La société [13] a saisi la commission de recours amiable de la [5] le 06 avril 2020 afin de contester la durée des arrêts et soins prescrits à [H] [I] suite à son accident du 08 novembre 2019, et pris en charge au titre de la législation professionnelle.
La commission de recours amiable a rejeté la demande d’inopposabilité de l’employeur par décision du 09 juin 2020.
Par requête expédiée le 19 juin 2020, la société [13], représentée par son conseil, a saisi le pôle social du tribunal judiciaire de Marseille d’un recours contentieux à l’encontre de la décision de rejet de la commission de recours amiable de la [10] relative à l’imputabilité des prestations.
Après mise en état, l’affaire a été retenue à l’audience au fond du 03 juin 2025.
La société [13], représentée par son conseil s’en rapportant à sa requête valant conclusions, sollicite du tribunal de :
constater que les soins et arrêts de travail prescrits à [H] [I] sont disproportionnés au regard des lésions constatées ;déclarer, à titre principal, inopposables à son égard les soins et arrêts de travail prescrits à [H] [I] qui ne sont pas en lien avec l’accident du travail du 08 novembre 2019 ;à titre subsidiaire, ordonner une expertise médicale judiciaire sur le fondement de l’article R.142-16 du code de la sécurité sociale afin de déterminer s’il existe un lien de causalité direct et unique entre l’accident dont a été victime [H] [I] le 08 novembre 2019 et l’ensemble des arrêts de travail qui lui ont été prescrits, de fixer la durée de l’arrêt en rapport avec un éventuel état pathologique antérieur.
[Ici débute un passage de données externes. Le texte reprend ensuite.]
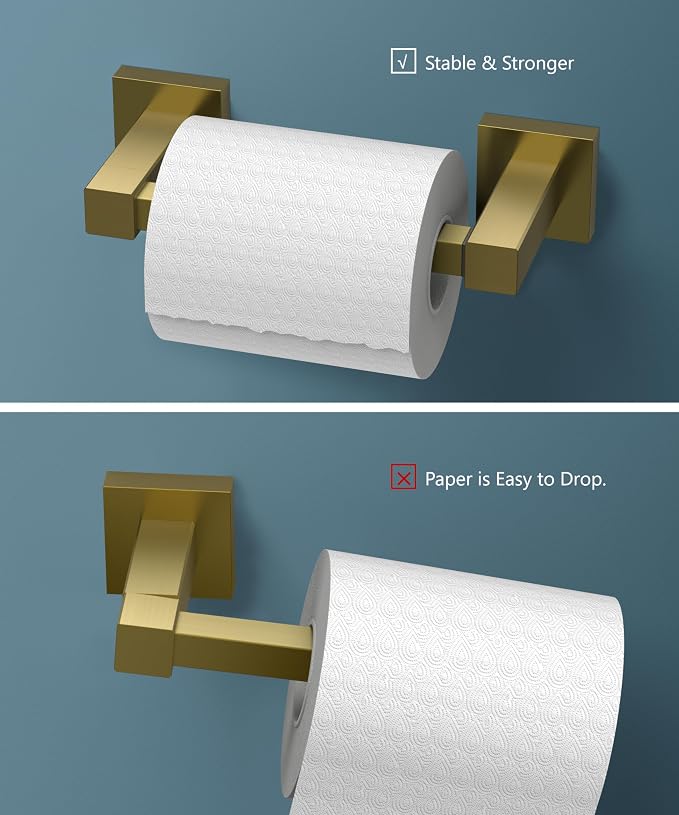 FORIOUS Toilet Paper Holder Wall Mount, Stainless Steel Rustproof Double Post - Image 6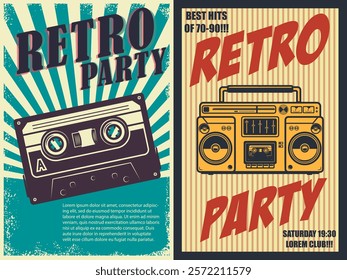 Retro party. Poster template with retro style boombox, microphone. Design element for banner, sign, flyer. Vector illustration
La [6], représentée par une inspectrice juridique soutenant oralement ses conclusions, demande pour sa part au tribunal de :
dire opposable à l’employeur l’ensemble des arrêts de travail et soins pris en charge par la [11] au titre de l’accident de travail du 8 novembre 2019 de [H] [I], depuis, le certificat médical initial du 08 novembre 2019 jusqu’au 29 mai 2020, date de guérison ;rejeter la demande d’expertise ;condamner la société [13] à verser à la [8] la somme de 1 000 euros sur le fondement de l’article 700 du code de procédure civile.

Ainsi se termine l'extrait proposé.